Many (most?) teachers work with a simple structure when planning a lesson: Teach the theory, give examples, and then do an exercise. The challenge for me was to understand why most students couldn’t apply the theory they had just “learned”. I found several reasons, most prominent of which was as you note, Jamie: the practical applications are treated separately from the theoretical.
So I changed things around: All my lessons start with the physical challenge, practical case, or situation, require students to take a problem solving and creative approach (normally in teams), and present their solutions and ideas (ownership & communication). Then we take the problem and look for situations where it repeats and summarize into a theory, model, or formula.
The result? Many students could now apply theory to practice
And many kinesthetic and goal oriented learners were ecstatic!
(Others who were listening/verbal learners and who were very comfortable with their success in a lecture approach were threatened by the approach - 10-20% of my university level classes)
My biggest challenge? Other faculty: “What a ridiculous idea! Students are not smart enough to create theories that the masters created…” And for those faculty who “go it”, most were not able to apply this new way of thinking to their lesson planning because they themselves had little ability to apply their own learning to practice (ironic, isn’t it!)
Just for interest: Other factors that contribute to the problem of a scientific/theoretical approach to learning:
- snobbery towards “blue collar” work - basically the philosophy that “physical work” is socially lower than mental. This is a pretty powerful belief.

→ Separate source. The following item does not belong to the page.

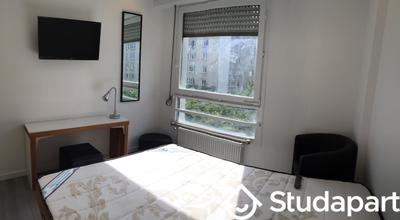 Chambre - 11 m² - 1 pièce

- A primarily Asian learning mode of “Learn from a Master [by listening], become a Master, iterate what you learned from a Master”. This is in contrast to a constructivist approach to learning.
Great article, Jamie!
Cheers,
Paul Kurucz
(a former university faculty)
I’ve started to create a checklist of things I want to do immediatley after reading a book/article etc and its serving me well. This is a very insightful site for scholars.